- Theatrical release poster
- Directed by: Fernando Mendez
- Screenplay by: Fernando Méndez Alejandro Verbitzky
- Produced by: Sergio Kogan
- Starring: Columba Domínguez Crox Alvarado Wolf Ruvinskis Carlos Riquelme Eduardo Alcaraz Arturo Martínez Guillermo Hernández Yerye Beirute Alberto Catalá Alejandro Cruz
- Cinematography: Víctor Herrera
- Edited by: Jorge Bustos
- Music by: Federico Ruiz
- Production company: Internacional Cinematográfica
- Distributed by: Columbia Pictures
- Release date: 26 September 1957 (Mexico);
- Running time: 80 minutes
- Country: Mexico
- Language: Spanish

= The Body Snatcher (1957 film) =

1957 Mexican horror film

The Body Snatcher (Ladrón de Cadáveres, lit. 'Corpse Thief'), is a 1957 Mexican horror film directed by Fernando Mendez who also co-wrote the film with Alejandro Verbitzky.

==Plot==
In Mexico, Police Captain Carlos Robles (Crox Alvarado) has no leads to solving a series of grisly murders of several of Mexico's top athletes. Unknown to the Comandante, scientist Don Panchito is responsible for the murders and has been murdering the athletic community in order to provide test subjects for his experiments; Panchito's procedure involves removing the victim's brain and replacing it with that of an animal's in an effort to find a way to conquer death.
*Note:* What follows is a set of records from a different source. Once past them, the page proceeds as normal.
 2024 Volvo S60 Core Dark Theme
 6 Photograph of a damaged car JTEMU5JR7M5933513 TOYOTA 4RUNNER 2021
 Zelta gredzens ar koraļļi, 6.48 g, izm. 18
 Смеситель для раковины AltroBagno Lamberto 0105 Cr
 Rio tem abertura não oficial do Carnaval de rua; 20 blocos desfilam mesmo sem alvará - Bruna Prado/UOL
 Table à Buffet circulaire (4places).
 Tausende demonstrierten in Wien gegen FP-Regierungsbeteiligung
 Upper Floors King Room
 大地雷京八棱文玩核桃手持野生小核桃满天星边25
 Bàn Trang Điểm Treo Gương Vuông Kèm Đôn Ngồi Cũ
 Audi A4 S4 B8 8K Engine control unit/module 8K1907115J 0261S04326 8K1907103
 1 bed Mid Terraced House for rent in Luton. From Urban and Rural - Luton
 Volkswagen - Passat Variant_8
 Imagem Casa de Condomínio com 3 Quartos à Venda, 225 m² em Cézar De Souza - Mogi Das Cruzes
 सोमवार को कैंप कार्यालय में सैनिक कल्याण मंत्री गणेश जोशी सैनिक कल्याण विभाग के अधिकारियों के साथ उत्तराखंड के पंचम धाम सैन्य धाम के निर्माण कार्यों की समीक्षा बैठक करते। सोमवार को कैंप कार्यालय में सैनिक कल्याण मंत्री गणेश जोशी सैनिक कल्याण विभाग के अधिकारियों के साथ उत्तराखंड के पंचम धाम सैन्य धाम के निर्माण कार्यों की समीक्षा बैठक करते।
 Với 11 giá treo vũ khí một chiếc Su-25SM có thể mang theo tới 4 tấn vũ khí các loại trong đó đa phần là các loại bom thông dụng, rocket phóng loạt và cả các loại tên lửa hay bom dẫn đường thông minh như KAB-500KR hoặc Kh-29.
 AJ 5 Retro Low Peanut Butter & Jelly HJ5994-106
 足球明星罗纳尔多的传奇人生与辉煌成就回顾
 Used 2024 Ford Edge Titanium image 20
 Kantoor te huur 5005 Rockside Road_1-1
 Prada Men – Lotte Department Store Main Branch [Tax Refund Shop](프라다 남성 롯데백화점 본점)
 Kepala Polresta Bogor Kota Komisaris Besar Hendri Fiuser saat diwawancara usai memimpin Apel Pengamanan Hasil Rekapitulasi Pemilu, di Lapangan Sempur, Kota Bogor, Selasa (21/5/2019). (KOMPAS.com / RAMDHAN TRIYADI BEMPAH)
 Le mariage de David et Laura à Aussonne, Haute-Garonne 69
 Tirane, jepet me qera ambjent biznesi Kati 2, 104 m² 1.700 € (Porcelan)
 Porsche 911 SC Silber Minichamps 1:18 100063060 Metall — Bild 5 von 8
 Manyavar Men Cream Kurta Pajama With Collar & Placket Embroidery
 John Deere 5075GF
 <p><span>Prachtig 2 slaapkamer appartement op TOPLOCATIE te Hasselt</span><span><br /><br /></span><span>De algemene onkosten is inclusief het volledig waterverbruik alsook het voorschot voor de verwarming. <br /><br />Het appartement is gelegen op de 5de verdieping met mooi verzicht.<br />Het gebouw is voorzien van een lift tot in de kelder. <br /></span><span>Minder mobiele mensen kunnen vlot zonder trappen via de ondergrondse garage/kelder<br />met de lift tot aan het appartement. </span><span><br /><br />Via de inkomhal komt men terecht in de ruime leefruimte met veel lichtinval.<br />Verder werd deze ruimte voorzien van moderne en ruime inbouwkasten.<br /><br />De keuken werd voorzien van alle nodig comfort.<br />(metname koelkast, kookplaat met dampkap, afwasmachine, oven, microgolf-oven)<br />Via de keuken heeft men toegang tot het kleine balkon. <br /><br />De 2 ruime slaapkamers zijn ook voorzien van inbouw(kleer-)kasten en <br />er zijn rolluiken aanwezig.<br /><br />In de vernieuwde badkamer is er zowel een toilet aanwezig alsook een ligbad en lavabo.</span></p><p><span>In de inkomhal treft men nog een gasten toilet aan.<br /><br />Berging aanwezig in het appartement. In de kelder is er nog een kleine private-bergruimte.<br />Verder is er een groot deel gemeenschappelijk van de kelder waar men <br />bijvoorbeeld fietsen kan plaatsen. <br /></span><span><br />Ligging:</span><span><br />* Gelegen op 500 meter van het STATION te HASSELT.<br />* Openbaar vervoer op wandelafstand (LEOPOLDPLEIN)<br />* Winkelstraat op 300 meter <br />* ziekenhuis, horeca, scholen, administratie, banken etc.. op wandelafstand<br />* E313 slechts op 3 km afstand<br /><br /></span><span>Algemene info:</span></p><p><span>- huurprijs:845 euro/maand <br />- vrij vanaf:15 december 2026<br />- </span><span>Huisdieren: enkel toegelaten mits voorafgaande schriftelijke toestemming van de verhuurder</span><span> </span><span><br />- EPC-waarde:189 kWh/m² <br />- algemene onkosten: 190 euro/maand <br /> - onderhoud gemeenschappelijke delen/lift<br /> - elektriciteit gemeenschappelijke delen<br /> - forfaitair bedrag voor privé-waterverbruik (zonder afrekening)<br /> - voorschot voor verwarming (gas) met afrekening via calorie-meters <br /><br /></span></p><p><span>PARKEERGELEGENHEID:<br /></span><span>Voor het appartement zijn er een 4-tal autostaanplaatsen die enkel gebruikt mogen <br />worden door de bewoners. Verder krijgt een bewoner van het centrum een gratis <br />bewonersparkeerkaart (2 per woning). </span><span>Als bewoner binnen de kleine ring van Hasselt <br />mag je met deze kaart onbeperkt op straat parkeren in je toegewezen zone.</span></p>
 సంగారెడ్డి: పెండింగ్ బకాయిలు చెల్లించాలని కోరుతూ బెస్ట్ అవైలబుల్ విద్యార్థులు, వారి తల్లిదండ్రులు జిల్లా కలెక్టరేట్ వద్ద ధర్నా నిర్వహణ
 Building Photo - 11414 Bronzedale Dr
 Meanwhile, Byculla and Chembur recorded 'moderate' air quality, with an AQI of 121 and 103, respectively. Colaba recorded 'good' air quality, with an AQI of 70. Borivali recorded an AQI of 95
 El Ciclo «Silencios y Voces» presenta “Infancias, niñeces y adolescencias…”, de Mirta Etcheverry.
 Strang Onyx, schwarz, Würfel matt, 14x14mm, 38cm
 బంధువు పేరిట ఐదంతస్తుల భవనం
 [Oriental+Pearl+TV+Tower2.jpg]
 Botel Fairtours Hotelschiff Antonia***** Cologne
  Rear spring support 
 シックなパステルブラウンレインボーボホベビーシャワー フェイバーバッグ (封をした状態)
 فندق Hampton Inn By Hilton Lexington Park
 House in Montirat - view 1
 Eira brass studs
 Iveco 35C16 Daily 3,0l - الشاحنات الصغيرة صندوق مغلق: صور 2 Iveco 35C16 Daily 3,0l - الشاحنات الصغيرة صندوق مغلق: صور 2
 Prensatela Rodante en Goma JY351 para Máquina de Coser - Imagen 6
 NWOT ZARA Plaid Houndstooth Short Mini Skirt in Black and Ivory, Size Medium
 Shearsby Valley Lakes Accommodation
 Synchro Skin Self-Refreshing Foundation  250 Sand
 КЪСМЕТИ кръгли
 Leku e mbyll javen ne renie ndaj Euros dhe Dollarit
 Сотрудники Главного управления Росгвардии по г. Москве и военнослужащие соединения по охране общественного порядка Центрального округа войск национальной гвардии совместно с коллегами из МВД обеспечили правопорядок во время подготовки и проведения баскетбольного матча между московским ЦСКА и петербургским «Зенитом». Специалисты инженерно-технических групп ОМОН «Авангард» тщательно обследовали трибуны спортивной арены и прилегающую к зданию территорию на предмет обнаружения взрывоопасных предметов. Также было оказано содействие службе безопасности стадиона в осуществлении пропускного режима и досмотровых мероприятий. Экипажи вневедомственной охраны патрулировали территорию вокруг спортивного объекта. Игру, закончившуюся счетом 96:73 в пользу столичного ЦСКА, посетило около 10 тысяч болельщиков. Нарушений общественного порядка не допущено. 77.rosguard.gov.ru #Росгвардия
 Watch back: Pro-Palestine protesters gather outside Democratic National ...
Desperate to solve the murders, Robles enlists the help of wrestler Guillermo Santana (Wolf Ruvinskis) who acts as bait in order to catch the murderer. However, the trap goes awry and Santana is captured and murdered by Panchito who then removes his brain and replaces it with the brain of a gorilla. Unlike many of Panchito's other victims, Santana survives the procedure but as a result is transformed into a grotesque and bestial state that seems to have taken on several characteristics of that of an ape. Covering his now horrifying vestige with a mask, Panchito sends Santana into the wrestling ring. However, during the fight Santana's animal side takes over and overrides Panchito's programming, ripping off his mask and exposing his hideously deformed face. Santana finds Panchito and slaughters him and then kidnaps Lucía, the woman he loved while he was human and flees on the rooftops with the police in pursuit, setting Lucía down, Santana moves to attack the police but is gunned down by Robles and falls the rooftop to his death.

==Cast==
- Columba Domínguez as Lucía
- Crox Alvarado as Capt. Carlos Robles
- Wolf Ruvinskis as Guillermo Santana / El Vampiro
- Carlos Riquelme as Don Panchito / The Mad Doctor
- Eduardo Alcaraz as Police Chief
- Arturo Martínez as Felipe Dorantes
- Guillermo Hernández as El Lobo
- Yerye Beirute as Cosme Ramírez
- Alberto Catalá as Rubio, Felipe's assistant
- Alejandro Cruz as El Tigre

==Production==

===Development===
The story for Ladrón de Cadáveres was partially inspired by Universal's Frankenstein which was a commercial and critical success. Hoping to replicate this success, Mexican directors responded by releasing their own variations of Universal Studios famous monster movies, but differed enough to avoid any copyright lawsuits.

==Release==
The film was released in Mexico on September 26, 1957 and was later released in other countries several years later in Japan in 1958, and in West Germany and Austria in 1958 and 1959 respectively.
The film later released on DVD by Ground Zero on July 12, 2005.

==Reception==
On his website Fantastic Movie Musings and Ramblings, Dave Sindelar gave the film a positive review, calling it "one of the best of the Mexican horror movies".

===Legacy===
Before the film's release in 1956, Mexican cinema was experiencing a decline, and most critics dismissed the cinematic films of Mexico. Upon the release of two films directed by Fernando Mendez, the first being Ladrón de cadáveres and El vampiro in 1957. Both films were successful critically and financially and helped bring in the golden age of horror and fantasy films in Mexican cinema.